The conventional thinker immediately looks to see if there are known solutions, on the Internet, in books, among friends, etc.  If not, he or she concludes they can't proceed any further and looks to do something else.

The person with an entrepreneurial mind almost instinctively sees every problem as an opportunity.  Rahm Emanuel, former chief of staff to President Obama, is famous for saying, “Never waste a crisis”.  He was talking about politics, but the same is often true in life and business.

In business, the fact that something is not working and someone, or a lot of people, need it to work, perhaps desperately, means that whoever can solve the problem has the potential to create a new product or a new business.  And the lovely truth is that there is probably no problem—except perhaps death itself, and some would disagree about that—that can’t be solved. 

Long before I was born, every document was written by hand.  Then Guttenberg invented the printing press with movable type and, quite literally, changed the world by making knowledge available to everyone.

When I was a kid, if you wanted copies of a document, you put in multiple sheets of carbon paper—and heaven help you if you made a mistake.  You had to correct it on each and every copy.  Then Xerox developed the copier and once you had a perfect original, you could make as many copies as you wanted.   

Then others created the computer driven word processor and making a typing mistake was trivial.  The computer even corrected your mistakes for you—often with the wrong word, but that is another story.

If I may get personal for a moment, let me tell you a true story.  When I was in high school I needed to take the SATs to get into a good college. I had studied Latin for 4 years because that was essentially the only language course my high school offered.  Either I was a very bad student or the teacher wasn’t very good, or both, but when I got to college I found I couldn’t even translate the Latin inscription over the gates.

But before that, I had to take the SATs.  The test consisted of a long passage from Caesar’s Gaulic Wars, and I couldn’t read it—a phrase here and there perhaps, but I simply couldn’t get past “Omnia Gaulia in tres partes divisi est.”  I could have just quit, but I, fortunately, even then, I had a mind that was wired to look for solutions.

So I read the questions, which were in English, and discovered that if I used the few phrases I could translate, I could eliminate some obviously wrong answers.  Then I realized that some of the questions depended on answers covered in earlier questions.  From that, I could begin to tell what the story was about and that gave me the answers to even more questions—without ever knowing the Latin at all.

I handed in the test, convinced I had failed in spite of my clever attempt, only to find out later that, not only had I passed (they never told you your actual scores in those days), but I had scored so high that I was exempt from further language requirements at a very prestigious Ivy League college—and I still couldn’t read the inscription over the college gate.

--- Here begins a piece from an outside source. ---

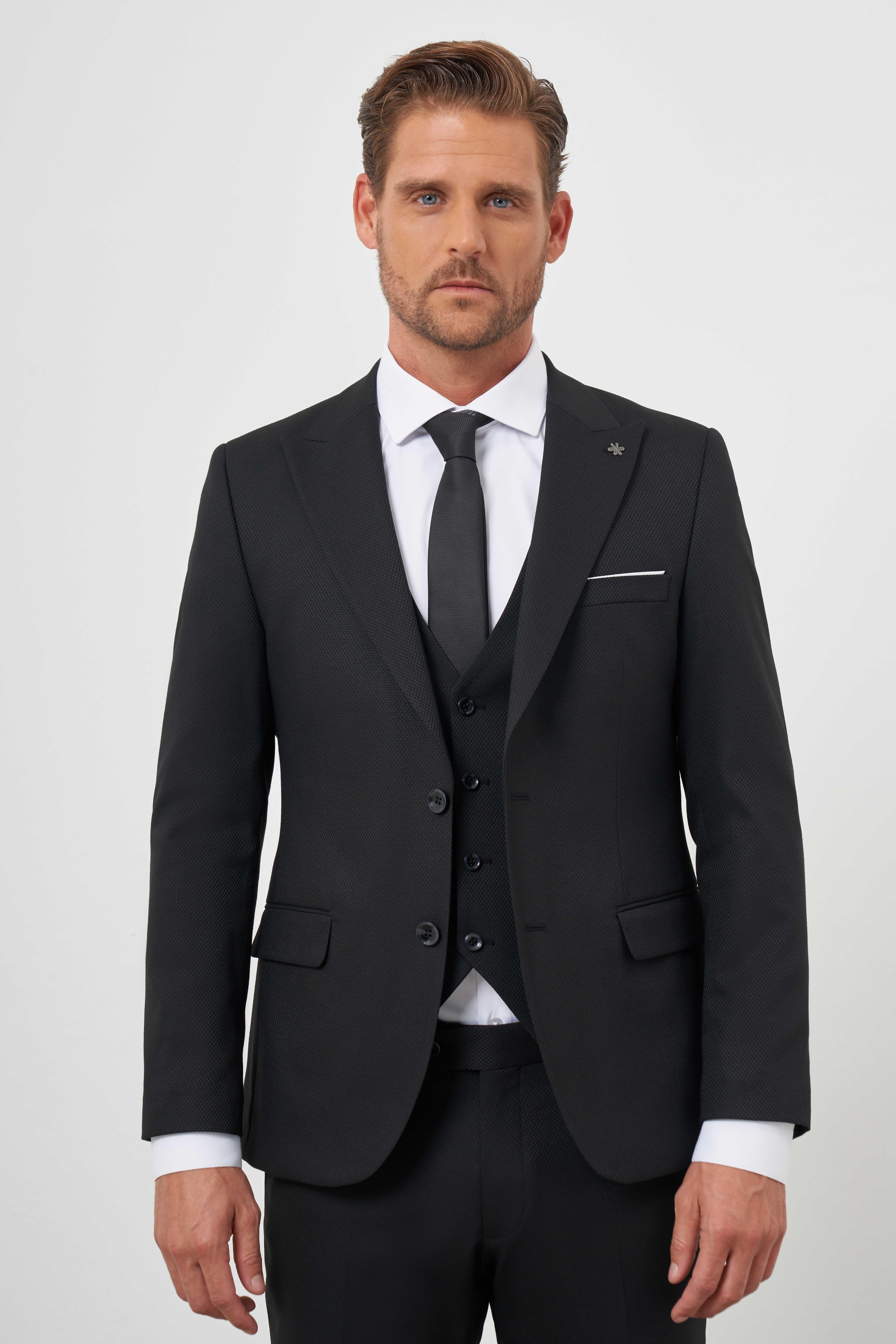 Morven Erkek Siyah Poliviskon Basic Yelekli Jakar Desen Slim Fit Sivri Yaka Takım Elbise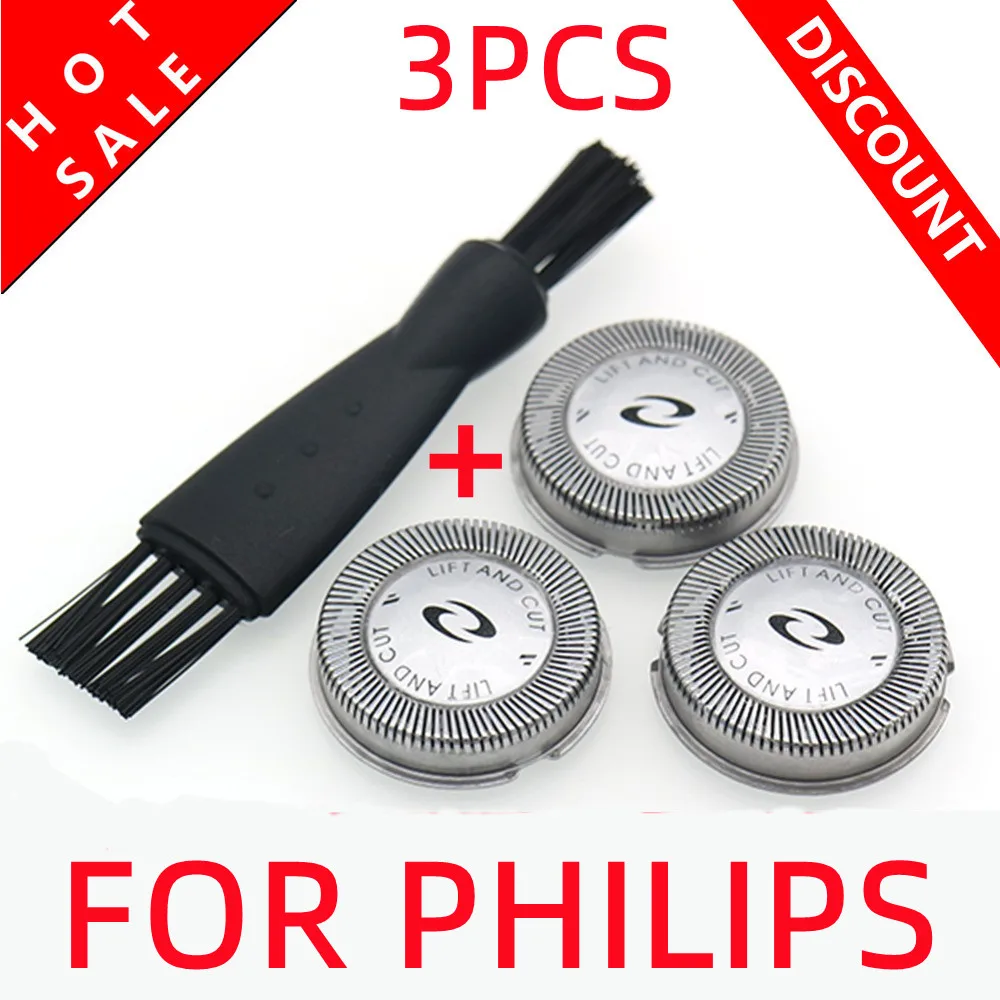3Pcs Replacement Razor Blade Shaver Head for Philips HQ3 HQ4 HQ54 HQ56 HQ55 HQ851 HQ912 HQ136 HQ6900 HQ6940 HQ6868 HQ6970 hq850 shaver charger cord fit for philips hq850 hq912 hq913 hq914 hq915 hq916 hq988 electric shaver razor adapter power shaver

I tell that story, not because I am proud of my genius.  Anyone with a willingness to look for alternative solutions could have done the same—and certainly not because it says anything good about the SAT testing of those days—but because it illustrates the difference between the mindset that automatically assumes that if the answer can’t be found in books or the classroom it does not exist and the mindset that says, “there has to be a way to do this; how can I find it?” 

I was lucky in that I seem to have been born with that instinct.  But it is one that I absolutely know can be learned.

A problem is only a problem if you fail to see it as the opportunity it really is.